Film Review: Spotlight image

Film Review: Spotlight

Cinema, at its best, is a medium that reveals emotional truth. In the case of Spotlight, when you see a victim of clerical abuse break down in tears, when the extent of the cover up is revealed, layer by layer, when you see three children in a lawyer’s waiting room about to testify, suddenly something moves from a sad news item to painful, heart-wrenching reality. For Christians, the grief that you feel is made more acute by the role the church played in it, as the survivors recount their response to grooming as like being shown special attention by God. One survivor puts it bleakly: “this wasn’t just physical abuse, it was spiritual. They robbed you of your faith in God.”

Spotlight is not, however, the film you might expect. The title is the name of an investigative journalism team at the Boston Globe who were among the first to uncover the extent of the scandal, and the film mostly focusses on their research and writing procedures. As such, it’s not a polemic against the Catholic church or religion, nor is it in any way a story that exploits the drama of abuse. Instead, it’s a restrained, intelligent exploration of how a community can collectively turn a blind eye to its own atrocities.

Remarkably for a film about such an emotive subject, there is no sentimentalism, no moment of grandstanding from the director or its excellent cast. Sometimes I enjoy a film for the bravura cinematic techniques or stunning imagery, yet boundary-pushing experimentation with form only ever really works if it serves the story being told; in Spotlight, director Tom McCarthy shoots it very simply in a way that allows the narrative to unfurl at its own pace. Most visually striking is the apparent omnipresence of church buildings in Boston, as the images of their stone towers change from beauty to intimidation. Aside from that, this is a film obsessed with the minutiae, from collecting print clips to poring over dusty documents that hide insidious truths.
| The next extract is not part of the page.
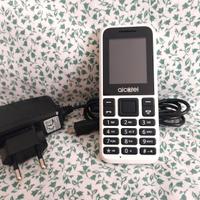 cellulare Alcatel mod. 1066G WH bianco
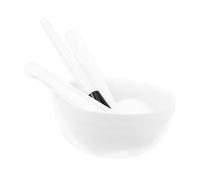 Healvian 4 Juegos Cuencos para Mezclar Mascarillas de Spa y Aplicador de Mascarillas de Barro Juego de Cuencos Herramientas de Bricolaje Cuidado Piel Suministros para Esteticistas Salas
Such unshowy technique puts a lot of trust in the cast, who all rise to the challenge of making sifting through libraries and filing for court documents compelling. Picking standouts is almost moot, as Spotlight shows how you can create an ensemble where every character feels real, but I found Michael Keaton’s strong-willed team leader to be the most engaging. The end result is that at no point during the film do you feel manipulated as an audience member, merely presented with the reality of what happened. This makes its horror more palpable and more upsetting.

Spotlight isn’t easy to watch, with extra levels of provocation for Christians, but it is important. One of the film’s strongest elements is in uncovering the mutual culpability of an entire community in perpetuating these crimes. While there are the priests and church officials who work to cover up the sins of their peers, there are also the lawyers, the neighbours, the parishioners. Even the righteous crusaders of the Boston Globe, good people doing important work, are not entirely free from guilt on this issue, and as that theme emerges it should cause a good deal of introspection. While it’s unlikely that any of us have been involved in covering up paedophilia, we are probably all too ready to hide behind our own righteousness when confronted with systems and ideologies that oppress or hurt or corrupt. It’s too easy to pass blame and guilt when “no one is righteous – not even one.”

It’s also not enough to distance yourself from these events, perhaps heaping it all on the Catholic church while framing your poster of Calvin, as the devastating effects of this global scandal continue to damage the face of the Church today. There comes a time when you have to stop trying to explain it away, or disassociating yourself with it, and try to work out instead how to seek healing and where to find grace in such a situation. I mentioned grief at the start and it is a powerful film that can make you feel that; I think Spotlight is such a film. Don’t approach with hackles raised, ready to defend, but instead allow yourself to feel the weight of sadness and then pray for justice.